Masalahnya, kebiasaan menilai orang lain ini bukan cuma bikin hidup orang lain jadi nggak nyaman, tapi juga pelan-pelan merusak diri sendiri. Nih, beberapa efek sampingnya kalau kamu terlalu sibuk jadi juri kehidupan orang lain.
Pertama, kehilangan kesempatan. Karena fokusnya pada kesalahan orang, dia lupa memperbaiki diri sendiri. Akibatnya, sementara orang lain melangkah, dia masih sibuk ngomel di tempat.
Kedua, hubungan sosial bisa rusak. Siapa juga yang betah bergaul sama orang yang tiap ketemu kerjaannya komentar “ih, kok gitu sih?” atau “aku sih nggak bakal kayak dia”? Lama-lama orang pada mundur teratur.
Ketiga, hilang kredibilitas. Dunia ini penuh orang pintar, jadi kalau kamu cuma pinter ngomong tapi kosong isi, cepat atau lambat semua orang tahu.
Keempat, stress dan cemas sendiri. Ironisnya, orang yang paling sering menilai justru hidupnya paling capek. Karena fokusnya bukan memperbaiki, tapi membandingkan.
Dan yang terakhir, mandek berkembang. Kalau waktumu habis buat menilai orang lain, kapan kamu mau tumbuh?
Dalam Islam sendiri, ada pesan sederhana tapi tajam: “Janganlah kamu menilai orang lain, karena kamu tidak tahu apa yang ada di dalam hatinya” (HR. Bukhari dan Muslim). Artinya jelas — urus dulu hatimu, baru komentar hati orang lain.
Tapi ya namanya juga manusia. Kadang susah buat nahan diri supaya nggak jadi komentator dadakan. Nah, biar nggak terjebak dalam siklus “menilai tapi nggak berprestasi”, ada beberapa langkah yang bisa dicoba.
Mulailah dengan fokus pada diri sendiri. Sibukkan dirimu dengan memperbaiki kemampuan, bukan mencari kesalahan orang lain.
Lalu, kenali kelemahan diri. Kadang, orang yang paling keras menilai orang lain sebenarnya sedang menutupi kekurangannya sendiri.
Selanjutnya, belajar empati. Setiap orang punya cerita yang nggak kamu tahu, jadi berhentilah merasa paling ngerti segalanya.
Kemudian, jauhi gosip. Karena biasanya, gosip adalah ruang publik bagi orang yang gagal produktif.
Bikin juga tujuan positif biar energimu tersalurkan untuk hal-hal berguna. Dan jangan lupa, ingat kelebihan orang lain, supaya hatimu nggak jadi penuh iri.

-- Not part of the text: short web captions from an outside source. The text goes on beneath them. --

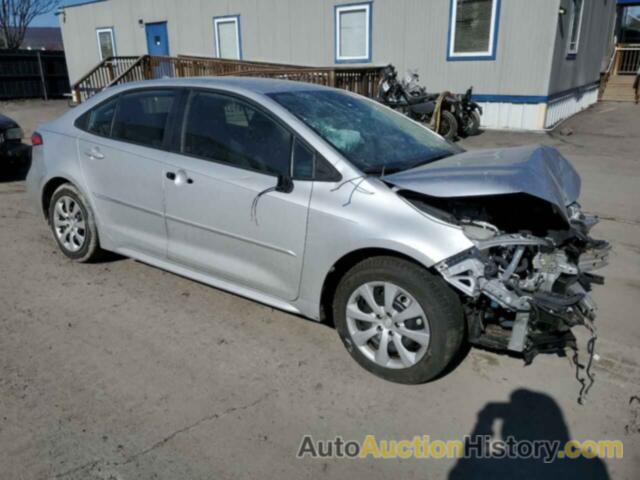 TOYOTA COROLLA LE, 5YFEPRAE4LP047641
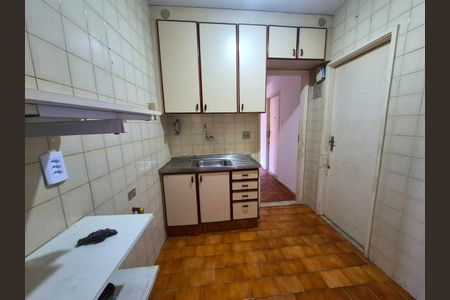 Cozinha de apartamento para alugar com 2 quartos, 90m² em Vila Isabel, Rio de Janeiro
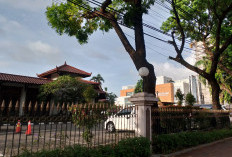 Sleman Siapkan Strategi Hadapi Libur Nataru, Targetkan Perputaran Uang hingga Rp600 Miliar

Kalau masih susah, coba doa atau meditasi, siapa tahu yang butuh dibersihkan bukan pandanganmu, tapi hatimu. Kalau tetap nggak bisa, ya ikut konseling aja — itu tandanya masalahmu udah butuh bantuan profesional.
Pada akhirnya, hidup ini bukan kompetisi menilai siapa yang paling benar, tapi tentang siapa yang paling mau belajar. Jadi sebelum kamu bilang “dia tuh harusnya…”, mungkin lebih baik tanya dulu ke diri sendiri, “aku udah ngapain aja selama ini?”
Ngopi dulu saja sambil bercermin… siapa tahu, pantulannya lebih jujur daripada komentarmu.